WHAT IS EXPECTED. Would you repeat exactly the part of the listing below that runs from the line containing "Adjustable Front Zipper" down to the line containing "Hot Chocolate with Coconut Whipped", inclusive, and nothing else?

--------

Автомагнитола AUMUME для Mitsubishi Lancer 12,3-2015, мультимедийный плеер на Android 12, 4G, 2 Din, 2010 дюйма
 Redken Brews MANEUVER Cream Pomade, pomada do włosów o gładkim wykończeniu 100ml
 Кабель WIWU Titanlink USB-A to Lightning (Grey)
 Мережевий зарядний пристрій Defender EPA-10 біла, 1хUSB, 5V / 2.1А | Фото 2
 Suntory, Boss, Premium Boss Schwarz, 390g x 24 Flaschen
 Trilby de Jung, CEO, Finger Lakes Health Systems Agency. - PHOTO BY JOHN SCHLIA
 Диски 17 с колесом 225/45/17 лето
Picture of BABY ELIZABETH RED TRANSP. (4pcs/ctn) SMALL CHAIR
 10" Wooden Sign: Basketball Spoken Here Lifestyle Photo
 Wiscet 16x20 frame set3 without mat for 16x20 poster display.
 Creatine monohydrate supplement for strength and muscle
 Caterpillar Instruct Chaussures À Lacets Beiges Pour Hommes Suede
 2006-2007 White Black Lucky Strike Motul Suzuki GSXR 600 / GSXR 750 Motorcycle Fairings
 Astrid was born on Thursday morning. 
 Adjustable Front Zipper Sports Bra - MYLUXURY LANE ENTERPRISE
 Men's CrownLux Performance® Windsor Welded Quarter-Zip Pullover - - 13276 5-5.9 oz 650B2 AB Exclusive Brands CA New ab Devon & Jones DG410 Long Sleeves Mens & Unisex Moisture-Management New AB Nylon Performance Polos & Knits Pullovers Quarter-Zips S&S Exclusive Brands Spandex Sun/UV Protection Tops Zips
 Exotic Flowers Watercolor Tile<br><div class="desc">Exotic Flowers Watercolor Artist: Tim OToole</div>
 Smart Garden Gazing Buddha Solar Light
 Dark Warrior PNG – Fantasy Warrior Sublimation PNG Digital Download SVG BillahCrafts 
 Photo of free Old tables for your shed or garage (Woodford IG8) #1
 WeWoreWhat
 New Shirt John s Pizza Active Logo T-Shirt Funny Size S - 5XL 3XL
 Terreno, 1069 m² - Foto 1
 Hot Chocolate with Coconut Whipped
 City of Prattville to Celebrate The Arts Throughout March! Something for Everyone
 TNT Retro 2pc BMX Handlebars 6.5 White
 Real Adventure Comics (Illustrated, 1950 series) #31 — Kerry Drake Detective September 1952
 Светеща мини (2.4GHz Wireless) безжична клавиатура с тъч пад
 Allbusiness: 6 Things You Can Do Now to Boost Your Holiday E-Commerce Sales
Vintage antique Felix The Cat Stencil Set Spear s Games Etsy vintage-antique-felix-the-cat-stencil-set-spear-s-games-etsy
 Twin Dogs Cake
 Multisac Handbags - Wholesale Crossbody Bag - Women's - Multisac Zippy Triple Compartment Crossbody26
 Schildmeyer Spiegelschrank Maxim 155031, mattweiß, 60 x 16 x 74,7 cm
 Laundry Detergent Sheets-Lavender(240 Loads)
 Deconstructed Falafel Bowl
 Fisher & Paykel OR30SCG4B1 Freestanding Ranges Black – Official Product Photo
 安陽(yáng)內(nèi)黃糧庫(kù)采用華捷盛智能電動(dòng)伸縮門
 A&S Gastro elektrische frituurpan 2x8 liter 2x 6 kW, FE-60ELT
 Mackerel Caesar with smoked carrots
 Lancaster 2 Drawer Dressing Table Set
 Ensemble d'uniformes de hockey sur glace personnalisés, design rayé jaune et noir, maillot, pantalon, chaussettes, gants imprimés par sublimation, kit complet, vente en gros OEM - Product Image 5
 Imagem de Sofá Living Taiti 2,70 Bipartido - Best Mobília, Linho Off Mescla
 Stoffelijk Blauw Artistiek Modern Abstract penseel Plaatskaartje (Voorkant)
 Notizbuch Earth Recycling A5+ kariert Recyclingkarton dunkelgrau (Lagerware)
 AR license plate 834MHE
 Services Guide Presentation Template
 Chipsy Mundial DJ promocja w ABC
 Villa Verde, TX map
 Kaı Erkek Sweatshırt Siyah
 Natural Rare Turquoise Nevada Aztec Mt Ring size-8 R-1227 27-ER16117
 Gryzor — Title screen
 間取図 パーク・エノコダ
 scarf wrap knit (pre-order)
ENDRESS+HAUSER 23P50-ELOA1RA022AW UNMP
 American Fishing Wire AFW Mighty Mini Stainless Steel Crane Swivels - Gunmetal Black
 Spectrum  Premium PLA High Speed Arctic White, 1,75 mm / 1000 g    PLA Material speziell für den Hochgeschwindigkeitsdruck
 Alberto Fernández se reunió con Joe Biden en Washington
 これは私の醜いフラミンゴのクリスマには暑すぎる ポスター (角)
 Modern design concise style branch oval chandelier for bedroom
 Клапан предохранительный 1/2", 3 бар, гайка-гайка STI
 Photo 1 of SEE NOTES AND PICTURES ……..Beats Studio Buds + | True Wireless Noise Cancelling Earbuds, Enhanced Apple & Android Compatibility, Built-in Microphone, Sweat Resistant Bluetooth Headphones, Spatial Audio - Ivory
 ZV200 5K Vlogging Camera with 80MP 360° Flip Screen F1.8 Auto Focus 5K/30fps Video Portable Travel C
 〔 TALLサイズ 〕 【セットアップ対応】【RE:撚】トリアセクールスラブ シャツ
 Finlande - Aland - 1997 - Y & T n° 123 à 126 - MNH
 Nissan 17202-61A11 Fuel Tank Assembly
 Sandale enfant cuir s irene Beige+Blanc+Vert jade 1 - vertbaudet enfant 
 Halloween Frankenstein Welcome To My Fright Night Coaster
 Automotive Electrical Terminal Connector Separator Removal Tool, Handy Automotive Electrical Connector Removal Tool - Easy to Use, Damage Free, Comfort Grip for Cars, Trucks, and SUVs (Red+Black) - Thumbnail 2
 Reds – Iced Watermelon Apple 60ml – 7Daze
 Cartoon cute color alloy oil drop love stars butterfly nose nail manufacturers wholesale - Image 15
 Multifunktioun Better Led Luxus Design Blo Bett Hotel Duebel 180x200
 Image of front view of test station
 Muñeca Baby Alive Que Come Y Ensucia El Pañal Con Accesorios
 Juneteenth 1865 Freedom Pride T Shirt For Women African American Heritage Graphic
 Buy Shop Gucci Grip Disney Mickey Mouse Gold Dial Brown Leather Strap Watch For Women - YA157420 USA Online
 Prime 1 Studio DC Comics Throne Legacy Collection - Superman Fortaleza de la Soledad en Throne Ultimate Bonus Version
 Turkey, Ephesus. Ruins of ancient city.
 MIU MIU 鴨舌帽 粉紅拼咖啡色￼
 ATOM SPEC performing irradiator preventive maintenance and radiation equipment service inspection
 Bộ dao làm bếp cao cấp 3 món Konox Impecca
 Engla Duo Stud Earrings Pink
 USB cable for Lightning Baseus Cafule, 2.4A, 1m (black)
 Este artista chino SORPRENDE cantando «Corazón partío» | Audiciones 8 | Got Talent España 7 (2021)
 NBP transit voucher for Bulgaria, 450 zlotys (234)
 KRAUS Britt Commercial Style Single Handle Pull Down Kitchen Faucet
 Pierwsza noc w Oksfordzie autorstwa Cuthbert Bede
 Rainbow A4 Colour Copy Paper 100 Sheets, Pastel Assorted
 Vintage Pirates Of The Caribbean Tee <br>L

--------

REPLY.
 Adjustable Front Zipper Sports Bra - MYLUXURY LANE ENTERPRISE
 Men's CrownLux Performance® Windsor Welded Quarter-Zip Pullover - - 13276 5-5.9 oz 650B2 AB Exclusive Brands CA New ab Devon & Jones DG410 Long Sleeves Mens & Unisex Moisture-Management New AB Nylon Performance Polos & Knits Pullovers Quarter-Zips S&S Exclusive Brands Spandex Sun/UV Protection Tops Zips
 Exotic Flowers Watercolor Tile<br><div class="desc">Exotic Flowers Watercolor Artist: Tim OToole</div>
 Smart Garden Gazing Buddha Solar Light
 Dark Warrior PNG – Fantasy Warrior Sublimation PNG Digital Download SVG BillahCrafts 
 Photo of free Old tables for your shed or garage (Woodford IG8) #1
 WeWoreWhat
 New Shirt John s Pizza Active Logo T-Shirt Funny Size S - 5XL 3XL
 Terreno, 1069 m² - Foto 1
 Hot Chocolate with Coconut Whipped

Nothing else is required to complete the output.